The bleep became louder, more and more insistent. William knew what it was - that annoying machine Stephen and Ratso had bought him “because you don't always seem to hear the phone, Dad.” It had buttons and aerials and little red lights, and if you ignored it, it went on and on bleeping louder and louder until you pressed and pulled the right combination of things to make it stop.

But William had discovered an easier solution, and slowly, with a lingering eye on
The Bill
, he went out and picked up the receiver on the proper telephone in the hall.

“Well?”

This uncompromising greeting usually put off any caller persistent enough to get him to answer the phone in the first place. But this one knew William.

“Hello Dad.”

“Huh.”

“How are you?”

“Having my tea.”

Stephen paused in vain for an echo to his polite enquiry, then answered it anyway. “Bit of a panic here.”

There was always a bit of a panic where Stephen and Ratso were concerned. William waited to hear whether little Tobias had caught a snuffle, or whether their local shops had run out of Christmas pudding, and strained to pick up on
The Bill
round the corner of the sitting-room door.

“Seems our damp proof course has broken down.”

“What a shame.”

As he'd thought, they'd arrested the wrong youth, leaving the greasy-haired one free to walk over to that block of flats…

“Yes, it is rather,” said Stephen acidly, knowing full well his father's mind was elsewhere. “The house is quite untenable - you know how dank Oxford gets in winter.”

“Can't you buy a new one?”

“We can hardly move again so soon.

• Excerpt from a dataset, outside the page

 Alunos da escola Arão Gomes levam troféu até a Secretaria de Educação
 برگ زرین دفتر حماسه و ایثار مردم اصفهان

And we'd never find such a…”

“I mean a new… What did you say had broken down?”

“The damp proof course, Dad! Apparently they don't last for ever in these old Victorian houses. Lesley's already found mould at the bottom of one of the curtains, and of course Tobias has a tendency to weak lungs…”

William's contact with his grandson so far had given him quite the opposite impression, but he didn't argue. With a bit of luck Stephen was leading up to the news that they couldn't have him to stay after all! He prepared a speech of polite regret and reassurance that he would be perfectly all right on his own.

“So Lesley and I really don't feel we can have you to stay for Christmas.”

“Oh, what a pity! But…”

“…We couldn't risk you catching pneumonia or rheumatism or something while you were here.”